*Task instructions*. A verbatim repetition of the data below is requested, without images.

*Material provided*.
=======

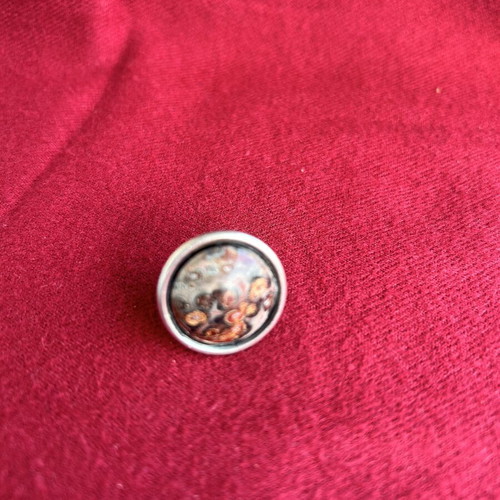 Vintage silver ring with stone like new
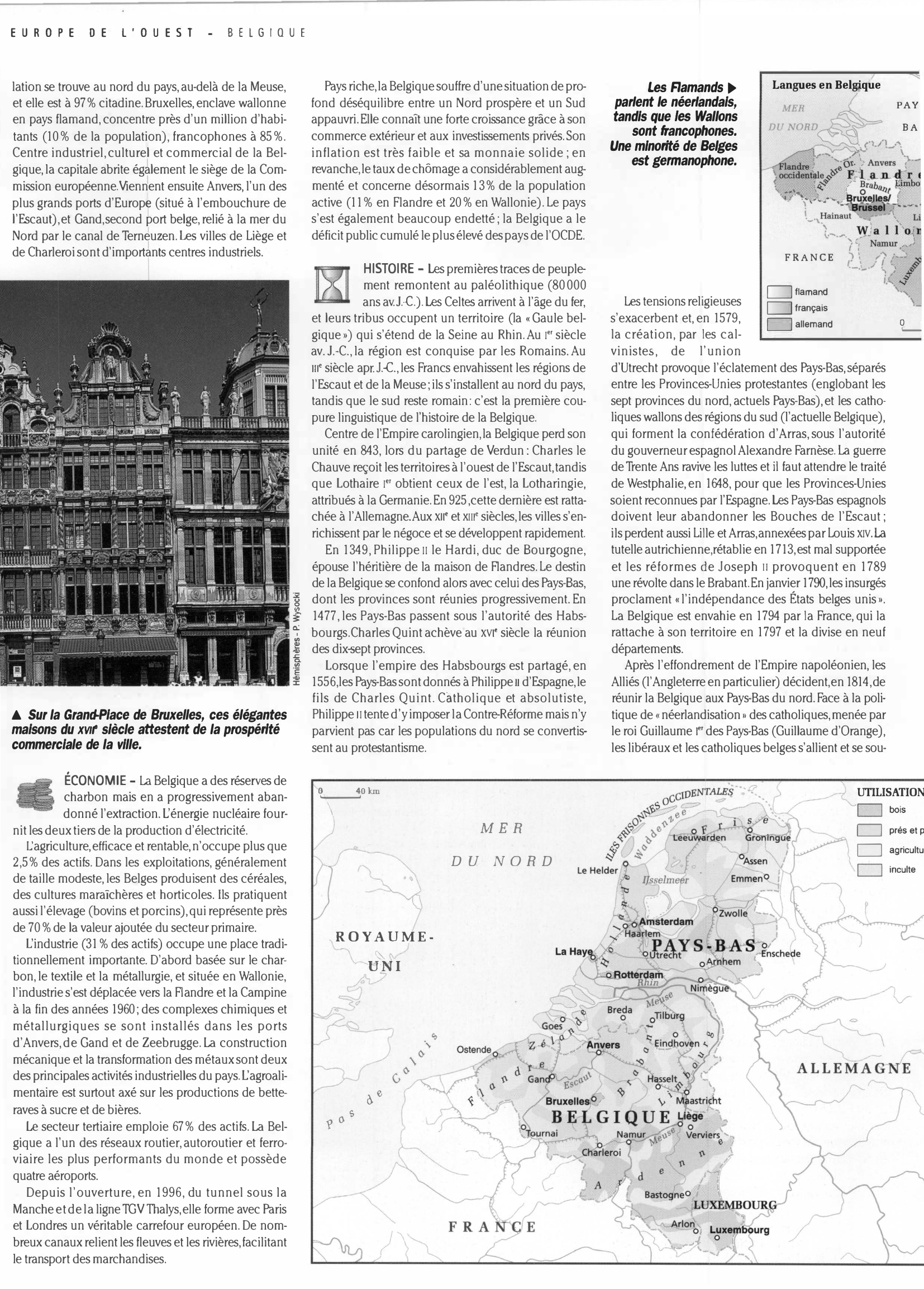 Prévisualisation du document Histoire, géographie et économie: LA BELGIQUE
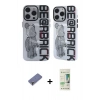 MARSİLYAN™- iPhone 12 Pro Max Kılıf Nova Doku Koleksiyonu - Siyah 20D Premium Cam Ekran Koruyucu + Metal Kamera Lens Koruma Cam - GD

=======

*Reply to the task*.
 Vintage silver ring with stone like new
 Prévisualisation du document Histoire, géographie et économie: LA BELGIQUE
 MARSİLYAN™- iPhone 12 Pro Max Kılıf Nova Doku Koleksiyonu - Siyah 20D Premium Cam Ekran Koruyucu + Metal Kamera Lens Koruma Cam - GD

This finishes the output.